Strangely, the goal here is not to change the minds of people who have, perhaps, barely conscious ingrained racist responses to us, but rather, create an equally powerful ingrained conditioning within ourselves that contextualizes our experiences as men within this society. After all, these derogatory narratives must also leave their mark on young Asian boys growing up in this culture which conceives of them as the embodiment of all that a man should not be. This process would involve creating personal narratives in the form of metaphors that serve as the basis for the kind of heroic "myths" that any conscious being must hold about themselves which serve to provide an all-important sense of transcendent purpose that is integral to the human condition.

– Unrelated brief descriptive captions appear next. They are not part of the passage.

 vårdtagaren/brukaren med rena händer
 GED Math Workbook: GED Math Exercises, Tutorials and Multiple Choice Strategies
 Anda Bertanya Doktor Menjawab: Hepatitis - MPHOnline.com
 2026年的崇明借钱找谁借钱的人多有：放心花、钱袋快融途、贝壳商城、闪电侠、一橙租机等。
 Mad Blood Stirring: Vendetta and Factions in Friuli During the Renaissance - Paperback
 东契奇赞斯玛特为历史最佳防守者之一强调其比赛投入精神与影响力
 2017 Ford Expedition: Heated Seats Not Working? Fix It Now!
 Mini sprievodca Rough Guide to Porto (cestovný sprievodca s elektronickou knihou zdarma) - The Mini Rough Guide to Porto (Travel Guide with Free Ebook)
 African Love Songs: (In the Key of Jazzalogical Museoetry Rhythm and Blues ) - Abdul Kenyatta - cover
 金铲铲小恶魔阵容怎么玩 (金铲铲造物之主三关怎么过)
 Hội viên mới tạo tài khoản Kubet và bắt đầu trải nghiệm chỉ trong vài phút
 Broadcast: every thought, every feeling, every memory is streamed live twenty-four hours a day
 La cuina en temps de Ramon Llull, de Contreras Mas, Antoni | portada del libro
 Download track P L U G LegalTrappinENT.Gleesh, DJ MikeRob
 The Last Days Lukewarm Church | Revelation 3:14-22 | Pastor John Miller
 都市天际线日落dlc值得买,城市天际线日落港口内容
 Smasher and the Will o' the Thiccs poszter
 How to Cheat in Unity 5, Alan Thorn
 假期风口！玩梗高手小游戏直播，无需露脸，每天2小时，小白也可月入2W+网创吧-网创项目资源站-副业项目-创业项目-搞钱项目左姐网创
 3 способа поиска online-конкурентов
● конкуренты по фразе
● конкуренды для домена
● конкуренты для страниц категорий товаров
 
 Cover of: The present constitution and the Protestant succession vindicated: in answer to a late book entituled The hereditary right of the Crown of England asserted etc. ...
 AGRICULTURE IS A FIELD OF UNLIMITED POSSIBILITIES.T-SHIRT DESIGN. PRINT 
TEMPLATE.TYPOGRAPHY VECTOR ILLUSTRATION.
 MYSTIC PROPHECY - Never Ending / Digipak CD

That, in a nutshell, is the nature of this culture's prejudice against Asian men - cultural marginalization and its narrative of dehumanization offers scarce space for cultural participation in one of the most fundamental aspects of human life; transcendence myths that are the basis for aspiration, and which assists in the formation of a contextual identity. Oddly, it seems that one of the best possibilities for advocacy for Asian men, comes in the form of simply telling more compelling stories.

H/T Alpha Asian for Ti-Hua Chang video.

1 comment:

  1. I would consider these stories to be microaggressions. Individually they may have limited effect, but the sheer volume of these without any balanced positive counteraction is considerable.